Are There Baby Universes Too?

In the Fourth Doctor story “Full Circle” (1980), the Doctor discovers the life cycle of three closely related species on the planet Alzarius—the humanoid Alzarians, the Marshmen, and the Marshspiders. “Full Circle” was the first of three loosely connected stories set in another Universe to the Doctor’s own known as E-Space.

Forget the iPhone, Welcome to E-Space

Are there baby Universes out in the deep space of our Universe? There certainly is in the Whoniverse. In the Fourth Doctor story “Full Circle,” the Doctor was on his merry way to Gallifrey, as they say. But a wormhole swallows up the TARDIS (what’s new?) and the Doctor finds himself on the planet Alzarius. The planet Alzarius has the same position as Gallifrey, but in another (baby) Universe, known as E-Space. The Doctor’s own, much larger, Whoniverse being known as N-Space.

To be clear, E-space here stands for exo-space.
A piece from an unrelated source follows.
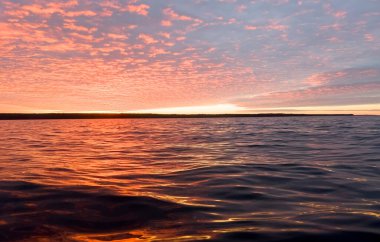 Su yüzeyi. Sunset gökyüzü arkaplanının görüntüsü. Gölün üzerinde akşam gökyüzü bulutları olan dramatik altın gün batımı gökyüzü. Temiz su dokusu. Manzara. Su yansıması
And N-space, unsurprisingly, stands for normal space. If it helps, you can think of E-space as a more cosmic version of exoplanets—planets outside our Solar System. Just decades ago the idea of exoplanets was merely theory. But telescope technology has since delivered the evidence that there are probably billions of exoplanets out in deep space. The same can’t be said for detecting an exo-space. Yet.

Is the Whoniverse anything like our own Universe in this arrangement? Possibly. As you probably know as a Whovian, our Universe is big. Really big. In the words of the Eleventh Doctor, “This is one corner . . . of one country, in one continent, on one planet that’s a corner of a Galaxy.” And as Monty Python sang about our Galaxy in their “Galaxy Song”:

Our galaxy itself contains a hundred billion stars/It’s a hundred thousand light-years side to side/It bulges in the middle sixteen thousand light-years thick/But out by us it’s just three thousand light-years wide/We’re thirty thousand light-years from Galactic Central Point/We go ’round every two hundred million years/And our galaxy itself is one of millions of billions/In this amazing and expanding Universe.
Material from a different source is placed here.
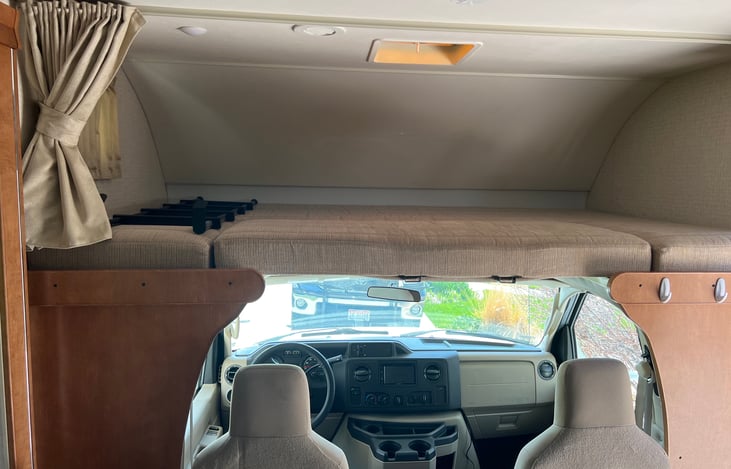 over the cab bunk that sleeps two, roughly queen size bed. Has a light blocking curtain for longer sleep-ins.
As you know, talk of all these light-years is due to the fact that astronomers measure things in light-years. Light is the fastest thing there is. Light takes over two million years to reach our telescopes from the next galaxy, Andromeda. Andromeda is the closest galaxy to Earth, out of the two trillion other galaxies out there in the observable Universe. In fact, the farthest we can see from Earth is about fourteen billion light-years away, which means it would take fourteen billion light-years to make the journey from the edge of the Universe to Earth.

The story of the Universe began around fourteen billion years ago. According to current theories that are subject to change, a bubble of space and time then popped into reality and began to expand. Before then, there was no space, no stuff, and no time. It could be that as it was growing and evolving over the last fourteen billion years or so, our Universe spawned a number of bubble-like, baby Universes. The question is: If these baby Universes exist, would there be a way of getting from our Universe to the baby bubble Universes? Possibly!
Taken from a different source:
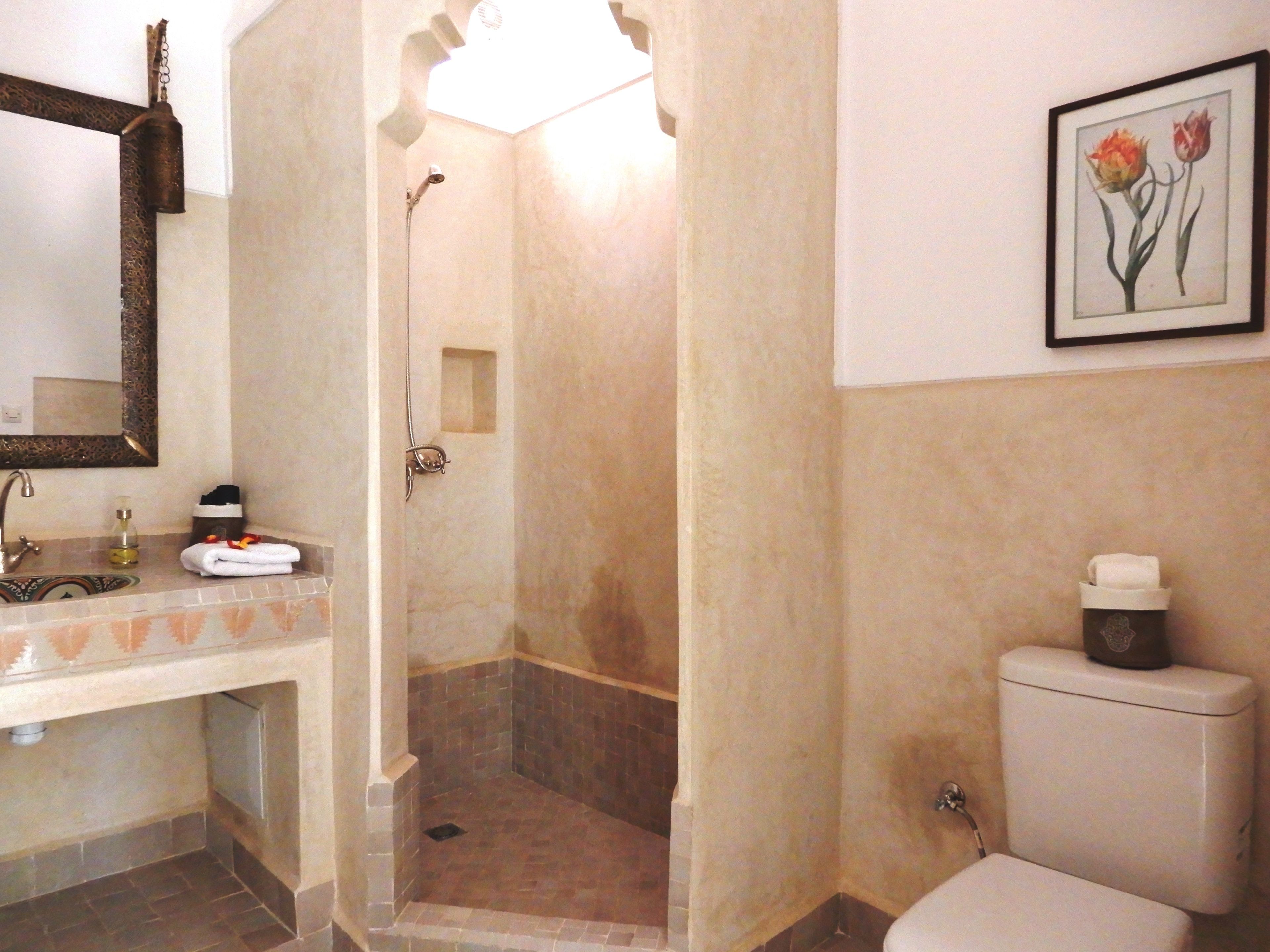 A bathroom with a shower, toilet, sink, and a framed picture on the wall.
It could be that wormholes would link the main Universe to the bubble babies, so a space traveler could jump from the Universe to a baby, and even from baby to baby. All this means that the idea of E-Space was a very cunning creation by Doctor Who. Indeed, the storyline in Doctor Who is that the entity that allows travel between the two Universes is known as a Charged Vacuum Emboitment (CVE). The tale told is that a CVE was created by the mathematical brains of inhabitants of the planet Logopolis. They used it to stop the Whoniverse collapsing due to a shortage of available energy.

So perhaps in the future, we may meet an advanced alien intelligence who are able to solve the problem of creating wormholes. Sadly, for the time being, as with exoplanets, we’ll simply have to wait until our tech is advanced enough before we can discover the possible existence of an E-space.